Learning Program Representations for Food Images and Cooking Recipes
This addresses the challenge of creating interpretable and manipulable representations for instructional procedures like cooking, benefiting users and agents in AI applications, though it is incremental in applying programmatic structures to a specific domain.
The paper tackles the problem of modeling cooking recipes and food images by representing them as structured cooking programs, which improves cross-modal retrieval, recognition, and image generation tasks, with results showing better performance in these areas.
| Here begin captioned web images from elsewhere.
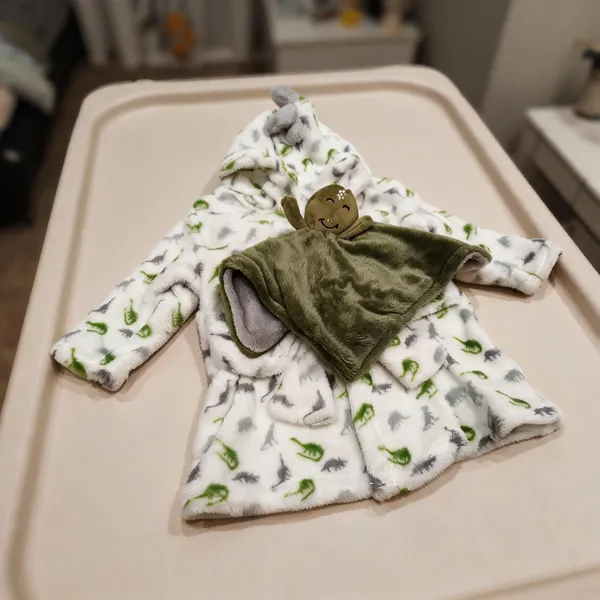 White_Fleece_Hooded_Romper_for_Babies
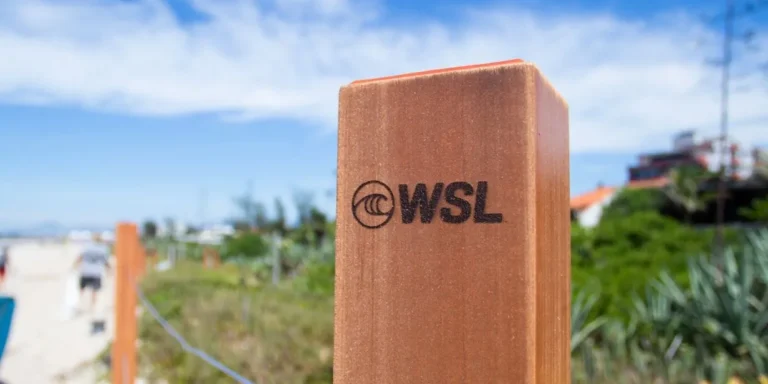 WSL reutiliza materiais do Vivo Rio Pro para proteger restinga em Saquarema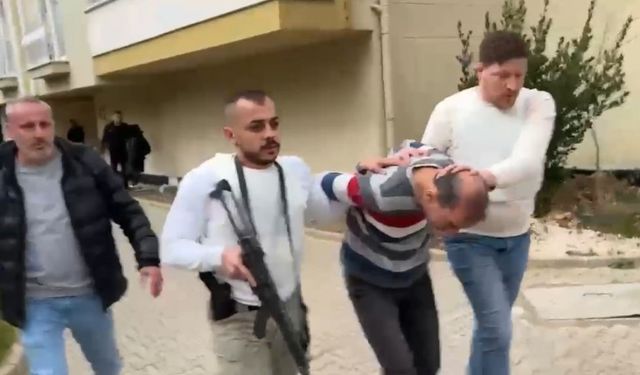 FETÖ'den 12 yıl 6 ay hapis cezasıyla aranıyordu...Firari astsubay sahte kimlikle yakalandı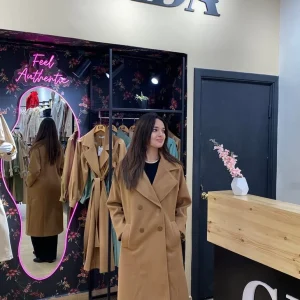 Manteau double boutonnage en beige caramel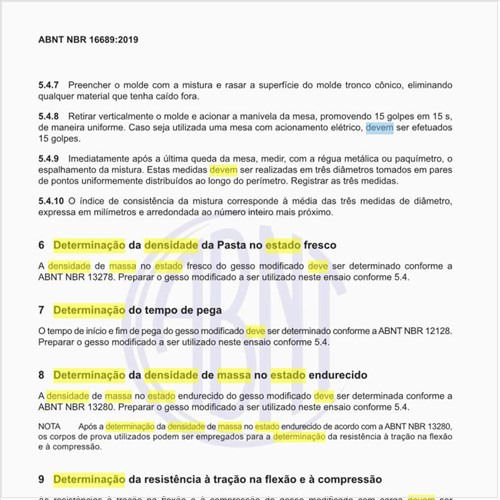 Como deve ser feita a determinação da densidade de massa no estado endurecido?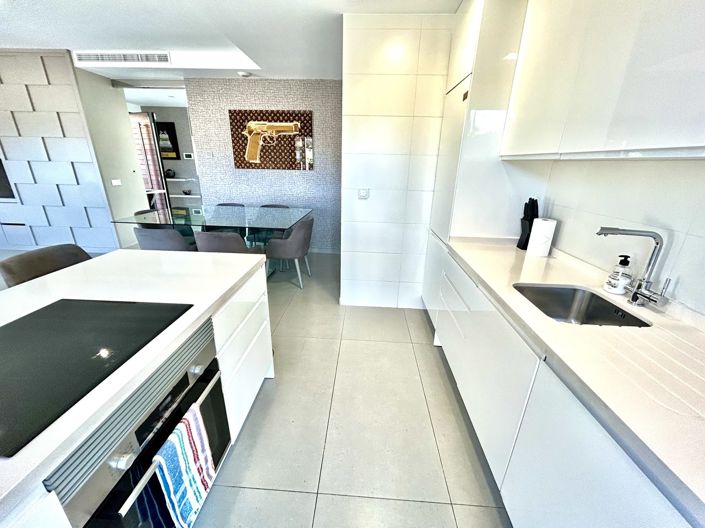 Image No.11-5 Bed Villa for sale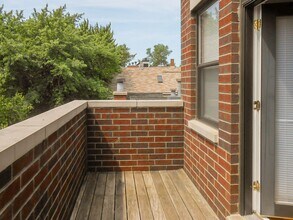 3230 N Kenmore Ave, Unit 3 in Chicago, IL - Building Photo - Building Photo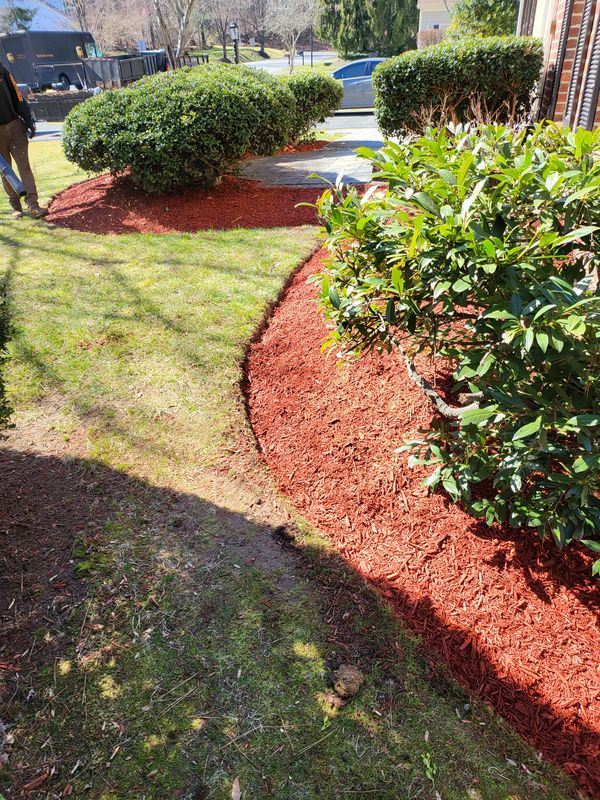 Landscape Design/Mulching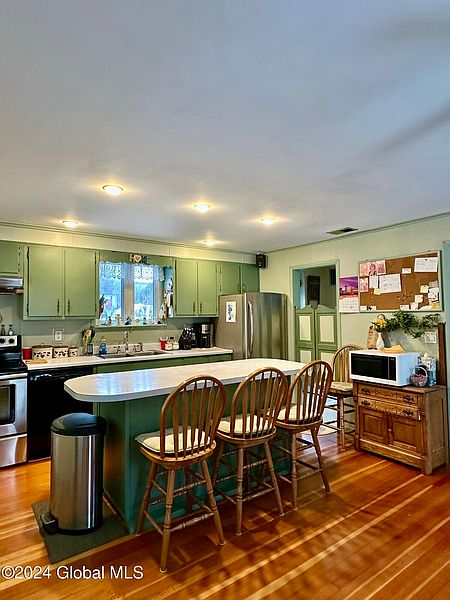 4th image of 127 Walhalla Road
In this paper, we are interested in modeling a how-to instructional procedure, such as a cooking recipe, with a meaningful and rich high-level representation. Specifically, we propose to represent cooking recipes and food images as cooking programs. Programs provide a structured representation of the task, capturing cooking semantics and sequential relationships of actions in the form of a graph. This allows them to be easily manipulated by users and executed by agents. To this end, we build a model that is trained to learn a joint embedding between recipes and food images via self-supervision and jointly generate a program from this embedding as a sequence. To validate our idea, we crowdsource programs for cooking recipes and show that: (a) projecting the image-recipe embeddings into programs leads to better cross-modal retrieval results; (b) generating programs from images leads to better recognition results compared to predicting raw cooking instructions; and (c) we can generate food images by manipulating programs via optimizing the latent code of a GAN. Code, data, and models are available online.